What is a “Self-Settled” Spendthrift Trust?

A self-settled spendthrift trust is where the trust creator is also the sole beneficiary of the trust. A trustee is still appointed, but the funds are directed back to the person who created the trust. They are also known as “self-designated trusts”, and are sometimes called “Alaska trusts”, since the state of Alaska was one of the first states to allow such types of spendthrift trusts.

As mentioned, creditors who seek to collect money or property from the trust funds are limited to only those trust interests that have already been transferred. Due to this special feature of spendthrift trusts, many people began unscrupulously setting up self-settled spendthrift trusts in efforts to dodge collection efforts by creditors. As a result, self-settled trusts are heavily regulated and are only available in a few states.

Which States Allow Self-settled Trusts?

Alaska was the first state to allow self-settled trusts, and Nevada also allows them. Alaska state law imposes a four-year wait period before self-settled trusts are protected from creditors, while Nevada requires a two-year wait. Also, in Nevada, the trust creator can also serve as trustee of their own self-settled trust, but they will be subject to further restrictions on self-distributions from the funds.

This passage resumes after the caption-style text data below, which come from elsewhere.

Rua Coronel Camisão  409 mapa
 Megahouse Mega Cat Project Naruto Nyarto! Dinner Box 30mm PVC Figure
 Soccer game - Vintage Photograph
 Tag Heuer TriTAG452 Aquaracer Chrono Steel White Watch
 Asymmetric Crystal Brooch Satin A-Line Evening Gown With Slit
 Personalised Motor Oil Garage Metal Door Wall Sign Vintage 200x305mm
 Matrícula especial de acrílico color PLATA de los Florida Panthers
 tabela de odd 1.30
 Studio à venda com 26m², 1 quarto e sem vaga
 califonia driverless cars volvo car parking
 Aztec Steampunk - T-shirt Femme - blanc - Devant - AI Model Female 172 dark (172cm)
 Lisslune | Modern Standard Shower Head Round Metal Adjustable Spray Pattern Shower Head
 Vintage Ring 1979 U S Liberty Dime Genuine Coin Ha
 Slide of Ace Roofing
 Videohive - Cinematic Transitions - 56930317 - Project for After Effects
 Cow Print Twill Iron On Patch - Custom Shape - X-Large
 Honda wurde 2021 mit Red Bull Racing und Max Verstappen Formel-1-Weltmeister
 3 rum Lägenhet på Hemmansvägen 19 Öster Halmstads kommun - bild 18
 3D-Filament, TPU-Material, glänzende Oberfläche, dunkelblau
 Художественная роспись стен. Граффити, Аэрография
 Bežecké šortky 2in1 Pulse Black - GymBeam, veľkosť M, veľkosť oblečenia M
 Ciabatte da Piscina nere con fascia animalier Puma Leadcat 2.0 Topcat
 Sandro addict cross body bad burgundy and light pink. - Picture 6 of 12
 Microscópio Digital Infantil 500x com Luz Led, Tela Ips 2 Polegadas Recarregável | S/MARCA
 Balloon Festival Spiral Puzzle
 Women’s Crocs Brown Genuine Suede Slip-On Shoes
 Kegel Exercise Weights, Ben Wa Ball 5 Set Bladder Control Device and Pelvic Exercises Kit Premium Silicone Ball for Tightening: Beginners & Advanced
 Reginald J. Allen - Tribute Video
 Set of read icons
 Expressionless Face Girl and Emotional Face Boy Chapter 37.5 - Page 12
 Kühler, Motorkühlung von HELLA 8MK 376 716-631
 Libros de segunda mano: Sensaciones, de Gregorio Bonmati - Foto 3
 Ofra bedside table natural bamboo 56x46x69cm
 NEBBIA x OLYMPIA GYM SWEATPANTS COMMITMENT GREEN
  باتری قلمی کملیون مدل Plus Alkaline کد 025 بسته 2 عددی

Some other states have statutes that allow self-settled trusts. These statutes refer to the trusts as “Domestic Asset Protection Trusts”, and are called DAPT statutes. They are similar from state to state though they may be applied differently in each jurisdiction.

If your state does not have a DAPT statute, then self-settled spendthrift trusts are not allowed. States that do have some form of DAPT statutes are:

  • Colorado
  • Delaware
  • Missouri
  • New Hampshire
  • Oklahoma
  • Rhode Island
  • South Dakota
  • Tennessee
  • Utah
  • Wyoming

While there is a potential for abuse of self-settled trusts, they are also valuable for estate planning purposes and can be very helpful in protecting one’s trust assets.

Do I Need a Lawyer to Create a Self-settled Trust?

It is a good idea to hire a lawyer to help you draft your own self-settled spendthrift trust. DAPT statutes are very strict and any indication of a sham account can lead to a presumption of fraud.

An experienced estate planning lawyer can help you draft a trust that meets your needs while fitting into the statutory limitations. DAPT law also tends to evolve quite rapidly, and a lawyer can keep you updated with any changes in the laws of your area.